In a family of four with two working parents (and therefore child-care expenses), this would mean that each earner has to average just $9.57/hour to make ends meet.
The expenses calculation for that family of four includes $570/month for food and $511/month for "other"--a grand total of $1,081/month or $12,972/year. Now let's exempt our family from the DE Gross Receipts Tax (each family could have an exemption card), calculated at roughly 1.5%, returning another $194.58 to them each year. Likewise we could allow these families to be exempted from (a) gasoline taxes; (b) vehicle registration fees; (c) telecommunication fees and taxes; (d) cigarette and alcohol taxes; and (e) any other fees or taxes charged by the locality, state, or Federal government. [This would include at least a phased exemption from property taxes to allow them to purchase homes.]
In other words: we could adopt the principle that taxes or fees should not be charged to anyone until after they have achieved a living wage.
And guess what? At that point the wage necessary for a two-worker, four-person family would drop somewhere into the neighborhood of $7-8.50/hour.
Of course, there is a price to be paid for this kind of plan. The government on all levels would have to learn to make do with a lot less tax revenue, and actually start making some hard decisions about what to spend and where to spend it.
[Yes, I'm well aware that my liberal and progressive brethren and cistern would see it differently: they'd want to raise taxes on everybody "above middle class" (which, conveniently, they never define) in order to assure that the government does not starve. Good luck with that. If they're willing to meet me half way and say, "No person should be taxed until after he or she has provided their family a living wage," I'm willing to take my chances with the political process.]

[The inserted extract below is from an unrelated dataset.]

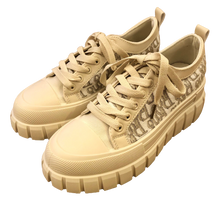 Lade das Bild in den Galerie-Viewer, SNEAKER `Chunky´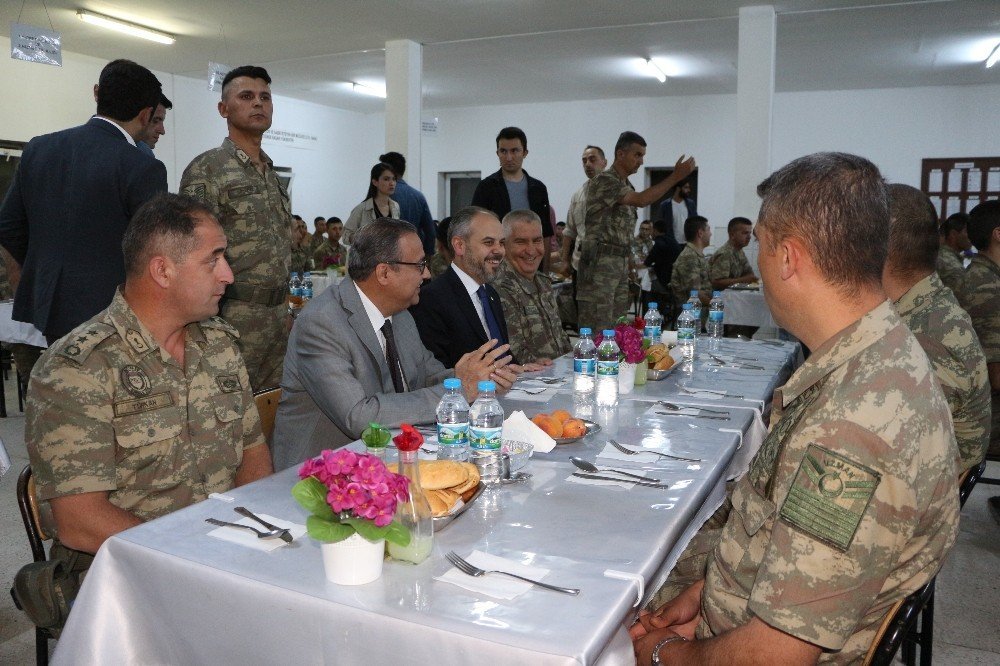 Bakan Kılıç, askerlerle sahur yaptı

What's sad is that nobody will take me up on this. It's a hell of a lot easier to lampoon the problem as greedy corporate executives sucking the lifeblood out of convenience store clerks than to deal with the fact that 61% of all American firms that have any payroll at all employ fewer than five employees. And it's a lot easier to bemoan the fact that limited government is a pipe-dream of lunatic Libertarians than to admit that when the State is taking up to 20% of the income of people who aren't able to get by, then the State is part of the problem rather than part of the solution.